* _Exercise instructions_
Below is a listing. Quote from it, exactly, the lines from the one containing "Hi, this is" down to the one containing "We're just going to double", both ends included, and nothing else.

* _Exercise input_
···

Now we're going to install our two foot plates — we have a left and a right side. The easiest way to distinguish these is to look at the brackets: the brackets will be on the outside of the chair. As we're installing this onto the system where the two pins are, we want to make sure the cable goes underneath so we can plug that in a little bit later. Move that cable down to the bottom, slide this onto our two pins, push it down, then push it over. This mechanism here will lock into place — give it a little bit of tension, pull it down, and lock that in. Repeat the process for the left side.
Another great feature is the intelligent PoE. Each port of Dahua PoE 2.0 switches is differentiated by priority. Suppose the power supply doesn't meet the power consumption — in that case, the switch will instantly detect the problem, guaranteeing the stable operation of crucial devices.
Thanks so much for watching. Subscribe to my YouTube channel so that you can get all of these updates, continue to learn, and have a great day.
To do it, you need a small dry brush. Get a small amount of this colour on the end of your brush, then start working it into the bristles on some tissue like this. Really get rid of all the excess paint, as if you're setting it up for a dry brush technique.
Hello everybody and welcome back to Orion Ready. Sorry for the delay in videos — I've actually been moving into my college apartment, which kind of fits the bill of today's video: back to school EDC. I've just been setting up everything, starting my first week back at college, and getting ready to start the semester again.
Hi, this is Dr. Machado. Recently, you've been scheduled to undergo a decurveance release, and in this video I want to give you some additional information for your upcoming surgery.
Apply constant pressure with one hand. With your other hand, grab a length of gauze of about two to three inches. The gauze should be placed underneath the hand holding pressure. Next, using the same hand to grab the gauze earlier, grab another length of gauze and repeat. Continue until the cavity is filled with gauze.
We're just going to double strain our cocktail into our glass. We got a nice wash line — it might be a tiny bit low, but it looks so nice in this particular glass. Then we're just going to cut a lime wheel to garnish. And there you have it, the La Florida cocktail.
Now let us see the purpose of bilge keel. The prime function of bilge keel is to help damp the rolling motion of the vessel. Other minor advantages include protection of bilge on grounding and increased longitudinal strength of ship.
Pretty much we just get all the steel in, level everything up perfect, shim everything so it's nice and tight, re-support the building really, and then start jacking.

···

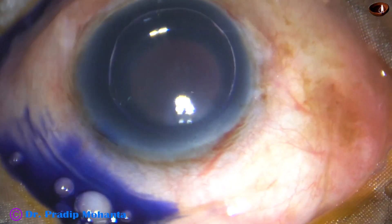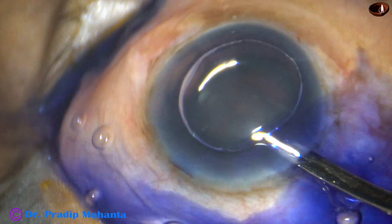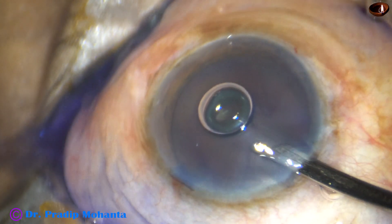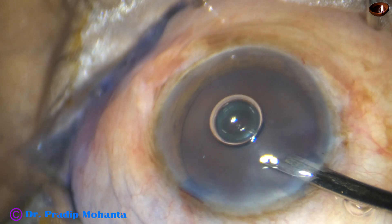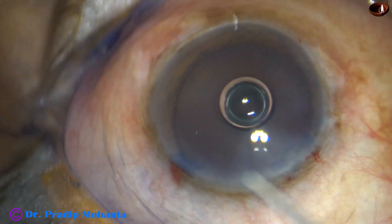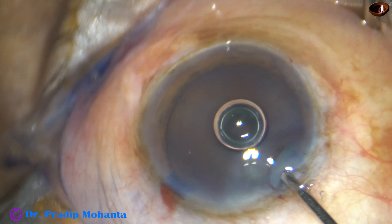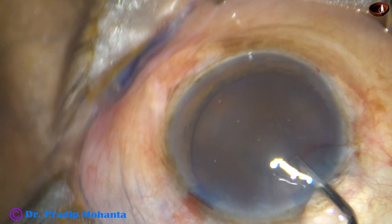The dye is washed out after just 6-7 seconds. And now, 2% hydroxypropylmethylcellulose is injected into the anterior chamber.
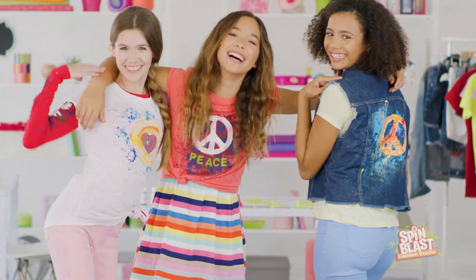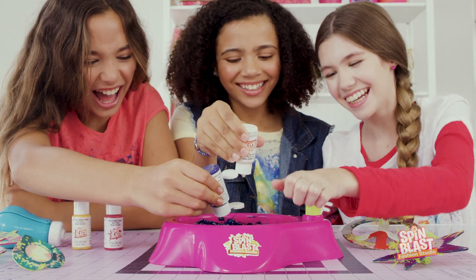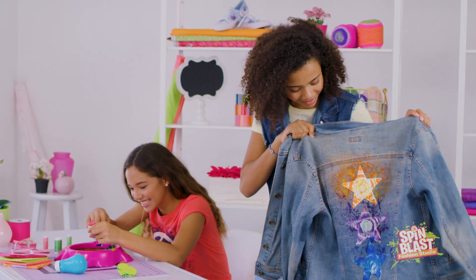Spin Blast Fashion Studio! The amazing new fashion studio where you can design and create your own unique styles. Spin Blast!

···

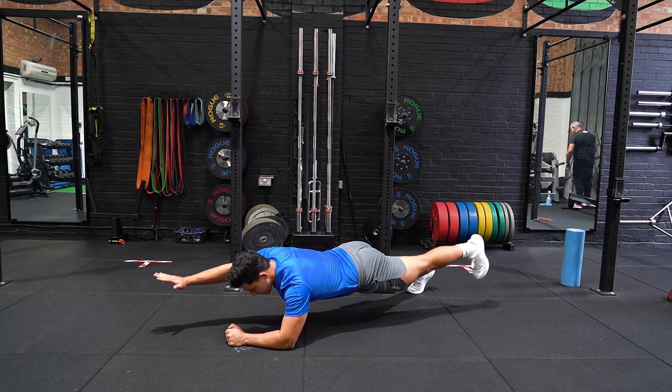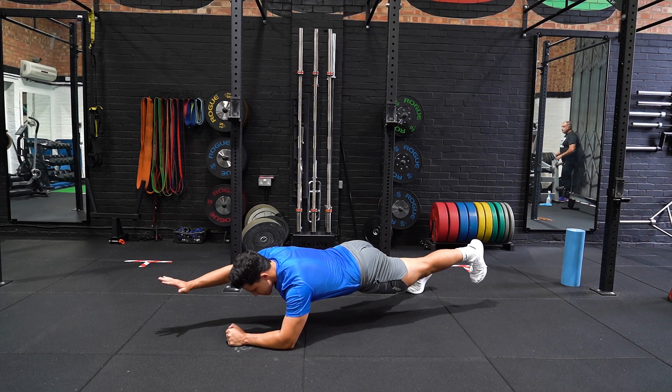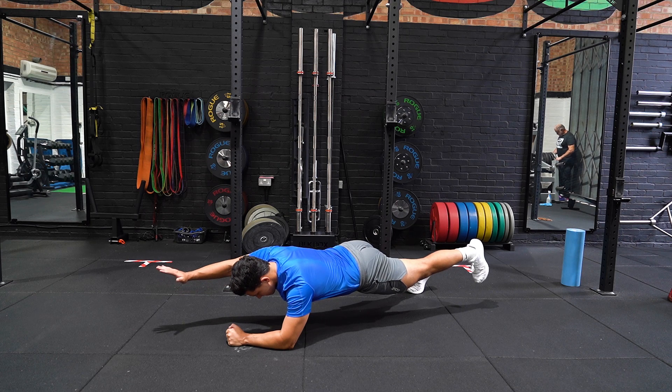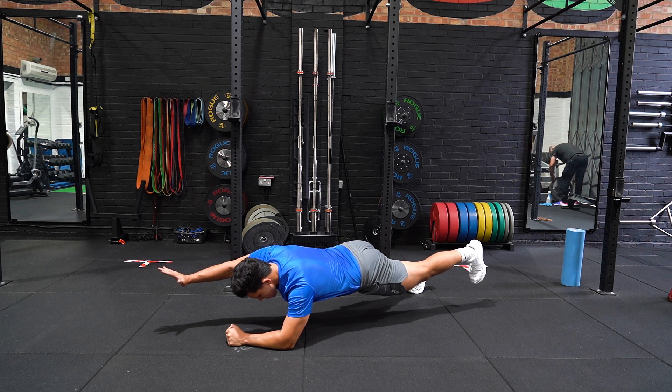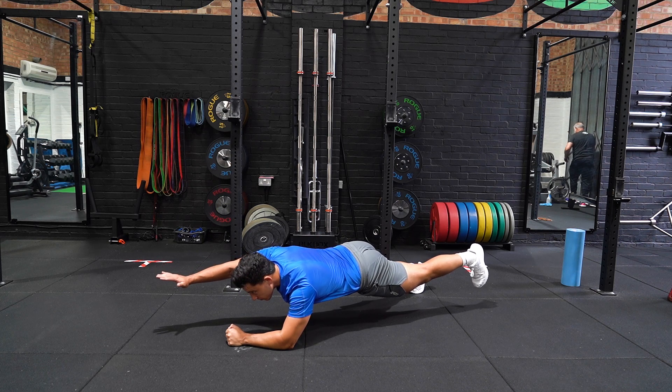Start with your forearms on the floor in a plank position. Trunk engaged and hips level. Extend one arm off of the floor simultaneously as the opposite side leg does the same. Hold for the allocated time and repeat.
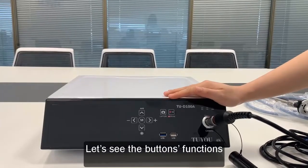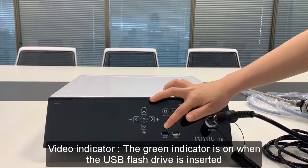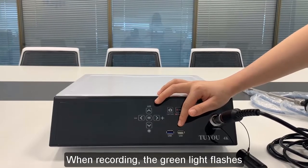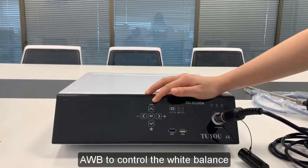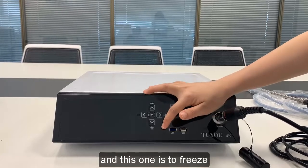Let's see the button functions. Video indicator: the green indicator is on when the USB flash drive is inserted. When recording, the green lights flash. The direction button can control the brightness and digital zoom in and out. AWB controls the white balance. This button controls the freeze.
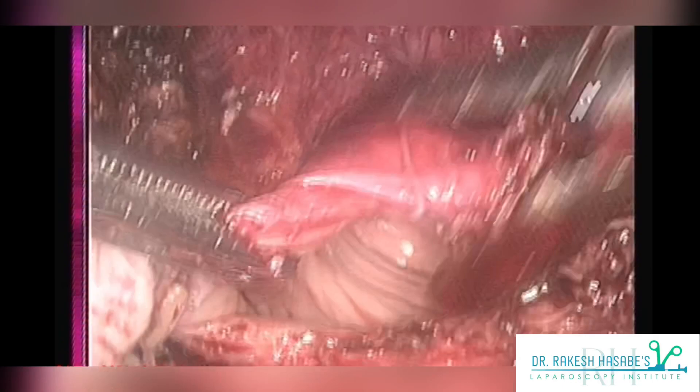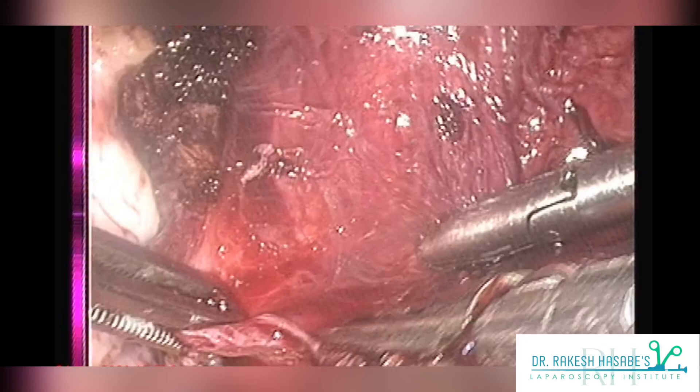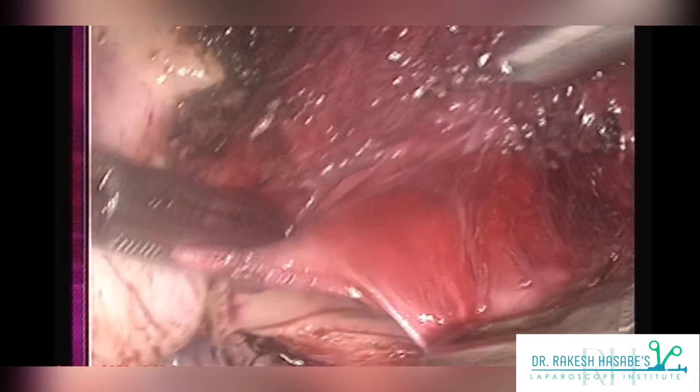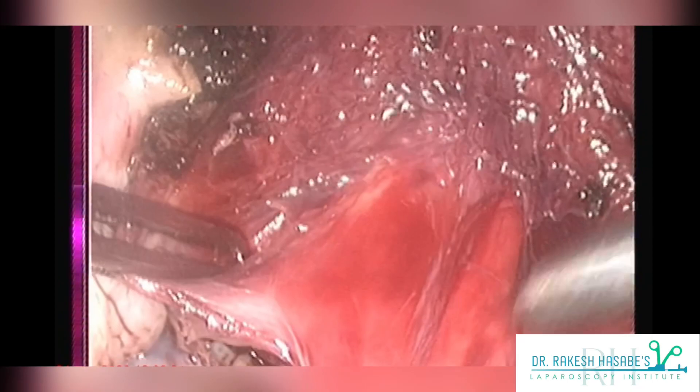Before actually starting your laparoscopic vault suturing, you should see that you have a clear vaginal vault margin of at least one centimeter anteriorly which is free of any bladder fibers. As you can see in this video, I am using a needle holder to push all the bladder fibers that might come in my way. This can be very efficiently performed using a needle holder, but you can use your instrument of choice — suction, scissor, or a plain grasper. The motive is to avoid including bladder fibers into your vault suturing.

···

* _Solution to the exercise_
Hi, this is Dr. Machado. Recently, you've been scheduled to undergo a decurveance release, and in this video I want to give you some additional information for your upcoming surgery.
Apply constant pressure with one hand. With your other hand, grab a length of gauze of about two to three inches. The gauze should be placed underneath the hand holding pressure. Next, using the same hand to grab the gauze earlier, grab another length of gauze and repeat. Continue until the cavity is filled with gauze.
We're just going to double strain our cocktail into our glass. We got a nice wash line — it might be a tiny bit low, but it looks so nice in this particular glass. Then we're just going to cut a lime wheel to garnish. And there you have it, the La Florida cocktail.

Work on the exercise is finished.